# Leonardo Vinci (1690-1730)



## Razumovskymas

Italian opera composer. Some sources say he was a castrato singer too. Vinci is rumoured to have been poisoned by a jealous husband in the wake of an ill-advised affair, a story which is given by several reliable authorities without evident contradictions.

That's about it on wiki.

I only know 2 opera's of him. The first one is the incredibly wonderful "Artaserse" and its Vinci's last work, also considered to be his masterpiece. I bought it after I heard it's aria "Vo solcando un mar crudele" on the radio, sung by the wonderful countertenor Franco Fagioli. When I first heard the complete opera I was completely overblown by it's completely over-the-top late baroque abundance and Italian passion. At that time I was into a lot of Italian opera's of Händel.

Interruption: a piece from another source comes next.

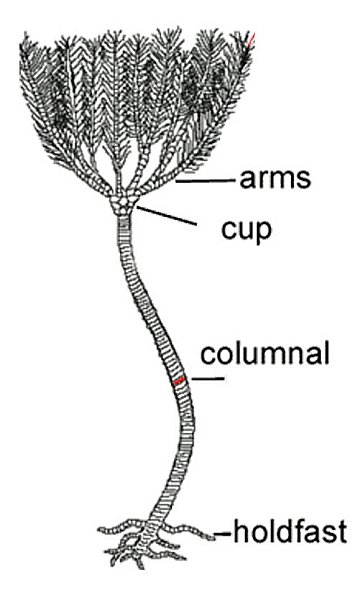 crinoid-diag-2_600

Compared to Vinci, Händel is quite a laid-back opera composer.

I think the style of "Artaserse" is somewhat related to the opera Buffe of that time, for me it's a bit related to Pergolesi's "La Serva Padrona". It's a bit simpler than a Händel opera but with more passion, it goes on and on with an incredible tempo and little resting points. I think it also is a bit of a predecessor of Mozarts early operas.

Artaserse is written for 5 castrato's and a tenor, so it's really a piece packed with bravoure-aria's. The recording I have is with Philippe Jaroussky, Max Emanuel Cencic, Daniel Behle, Franco Fagioli, Valer Barna-Sabadus and Yuriy Mynenco. 1 tenor and 5 countertenors with unbelievable clear voices (all respect Mr. Scholl but these 5 for me are out of your league)

The second opera I know is "Catone in Utica" but I never really gave it time because it didn't have the same immediate impact to me as Artaserse.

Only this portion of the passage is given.